There is a reason that 70% of voters disapprove of Trump. Don’t blame people for noticing that the emperor has no clothes. And unless there is a profound change in Mr. Trump’s behavior and deportment, we will definitely get Hillary. It’s up to Trump.
All those you name are left wing establishment. We need a spokesman to speak out about all of this group which includes the media. The so called conservatives are nothing more than shills for the progressives. I think there are more and more citizens that now see what has been going on for a long time.
Ben Sasse? Scott Rigell? Shills for the progressives? Riiiight……

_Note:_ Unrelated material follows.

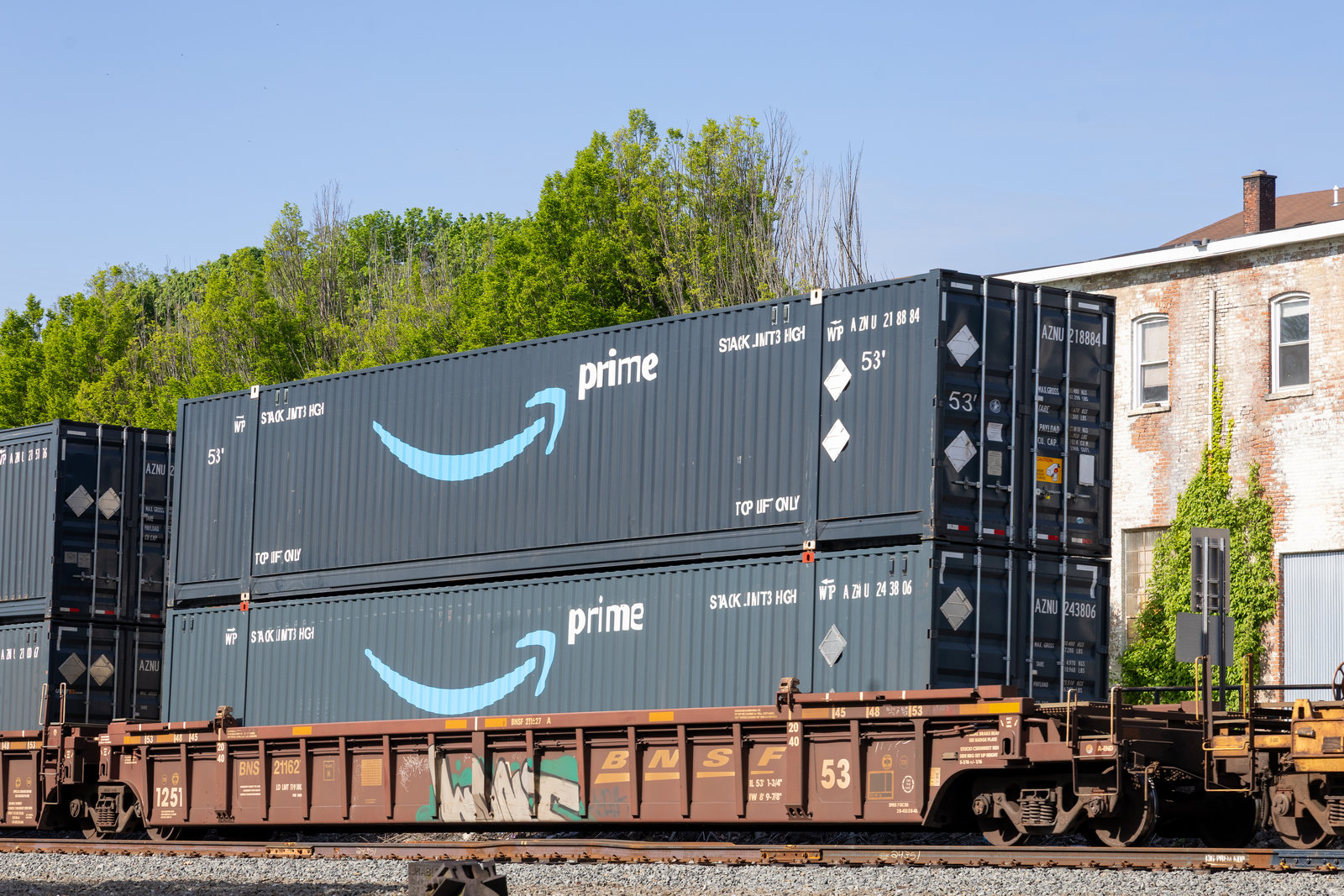 BNSF 211627A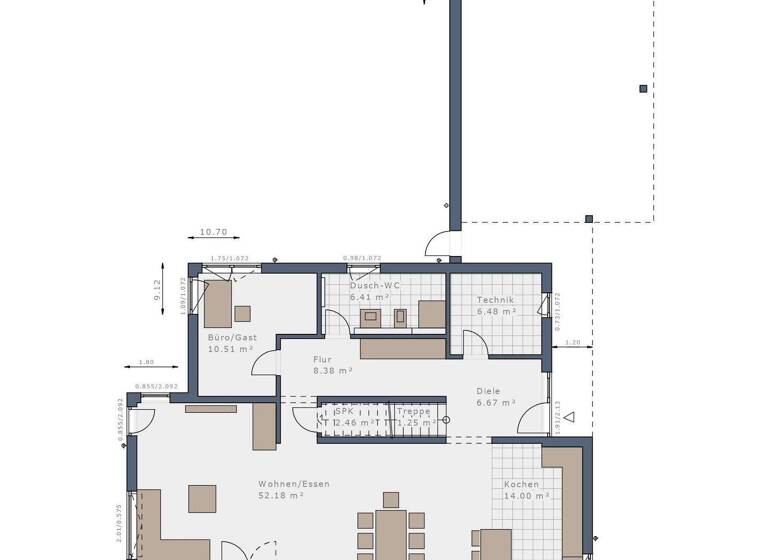 Einfamilienhaus zum Kauf provisionsfrei 1.530.000 € 5 Zimmer 165 m² 980 m² Grundstück Wiesbaden 65193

Scott Rigell’s voting record is pathetic. From voting against a balance budget and repeal of the “death tax” to voting for almost every spending bill that comes up, reauthorization of the Export/Import Bank and TPA just to name a few things.
When you top his votes on spending on top of the record tax revenues that our Big Government has been receiving and the fact we are still running crazy deficits, somebody in Washington needs to start looking out for the American people. FYI, we have been setting a tax revenue record every year since at least 2014.
http://heritageactionscorecard.com/members/member/R000589
Sailblazer, I am weary of the 70% against him comments. Old news from when there were 17 and then 10 candidates. To pull 30% with that number of candidates was always phenomenal. When it got down to 5 and then 3, Trump garnered 70% of the actual voters. And the reason he’s received a record number of votes in republican primaries (again, with the largest field ever for a good portion of the race), is precisely because of his deportment. Where Ryan, McConnell and go along Republicans have failed us, and vent more rage and energy at a candidate trying to save America than they have ever shown towards Obama and the Democrats who are systematically undermining the nation the Funders gave us, Trump’s very non-PC toughness have given the “serfs”, the non-ruling class, hope. So called principled conservatives need to ride the wave, and work toward shaping it – not vilifying it.
The establishment is the problem. Hopefully Trump will appoint a strong conservative as his vice. If that happens and he wins we could conceivably have 16 years of conservative governance. If the public is so stupid to vote for Hillary, there is no saving the country excepting revolution.
Trump will appoint someone who will do what he tells them to do. It will not be strong conservative.